誠一郎が室内に顔をのぞかせると、暗がりの中に赤く光る目が二つ浮かび上がった。
「……どうしたんですか?」
ミナ子の声が静かに問いかけてきた。それと同時にパタンと本が閉じられる音がした。
……こんな暗闇で読書してたのか?
誠一郎は驚きつつ、イヤ……と呟いた。
「やっぱり、夜には眠れないよな……」
「そうですね……」
ミナ子が静かに返すと、ペラペラと本がめくられる音がした。
……また、読書かな?
「……何読んでるんだ?」
ようやく夜目がききはじめた誠一郎は、ミナ子が横になって読書をしているベッドに歩み寄った。
「『カーミラ』です」
『カーミラ』という名前に誠一郎は一瞬顔をひきつらせた。
……さっきの夢が……。
ミナ子は本から顔を上げると、誠一郎を見つめた。
「……怖い夢でも見ましたか?」
「えっ! ま、まあ……」
……ミナ子って俺の心を読めるのか?
時々ミナ子に自分の心中を悟られているのでは? と誠一郎は思うのであった。
「一緒に……寝ますか?」
ミナ子の突然の誘いに誠一郎の脳裏に先ほどの夢の内容が蘇ってきた。
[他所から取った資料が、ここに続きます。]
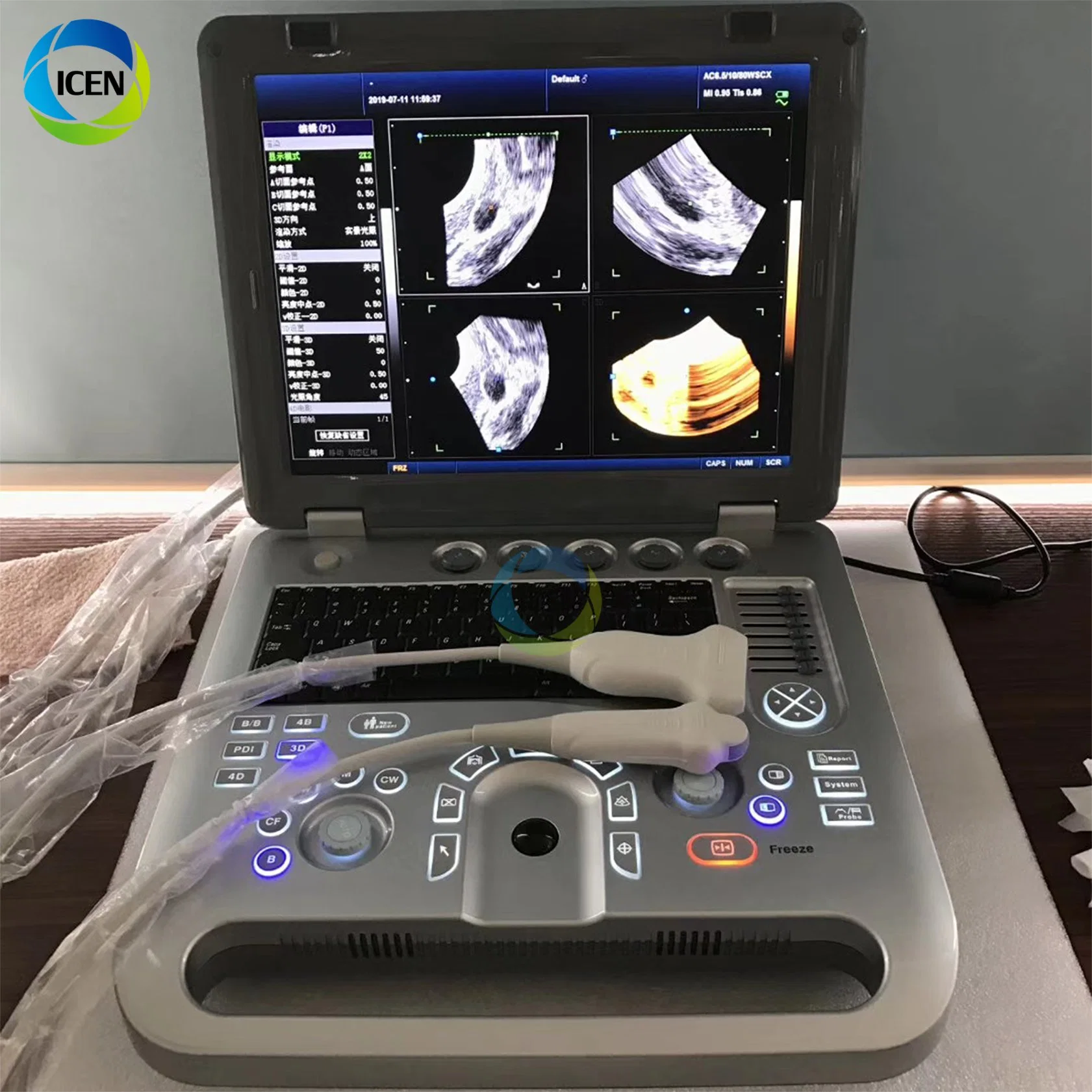 IN-AN50C ICEN laptop color doppler machine portable ultrasound machine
が、誠一郎は正夢になる不安と裏腹に、ミナ子に添い寝に誘われたことに嬉しさが込み上げてきた。
「えっ!……良いのか……?」
「どうせ、暑苦しくて眠れなかったのでは?」
ミナ子に図星を突かれ――本当は夢で起きたのだが、暑苦しくて眠れないのも本当である――誠一郎は、まるで何も言い返すことの出来ない子供のように、無言でうなずいた。
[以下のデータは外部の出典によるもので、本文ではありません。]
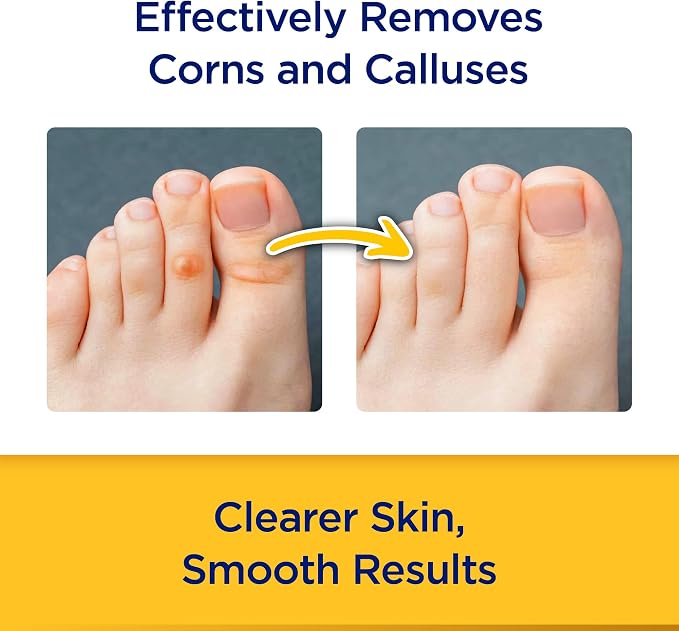CornStick Maximum Strength Salicylic Acid Solid-Stick Corn and Callus Remover - Image 3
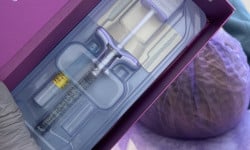 Збільшення губ філлером Juvederm Ultra 3 філлер на основі гіалуронової кислоти з лідокаїном Косметолог-инъекционист Наталия Киев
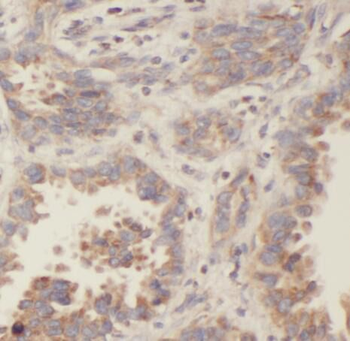 PFN2 Antibody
ミナ子はベッドの脇のテーブルに本を置くと、かけ布団をめくり、自身の隣をポンポンと叩いた。
誠一郎は恐る恐るミナ子の隣に横になった。
ベッドの中はひんやりしていて居心地が良かった。
……あぁ、涼しい。
誠一郎は安堵のため息をついた。
ミナ子はかけ布団を誠一郎と自身にかけると、静かに横になった。
少しの沈黙が続き、誠一郎が囁くように言った。
「おやすみ、ミナ子……」
「おやすみなさい、誠一郎」
少しして、誠一郎から規則正しい寝息が聞こえ始めた。
ミナ子はそっと、誠一郎を見つめた。
……陽の暖かさは苦手だけど、誠一郎の温かさは好き。
ミナ子は顔を綻ばせると目を閉じた。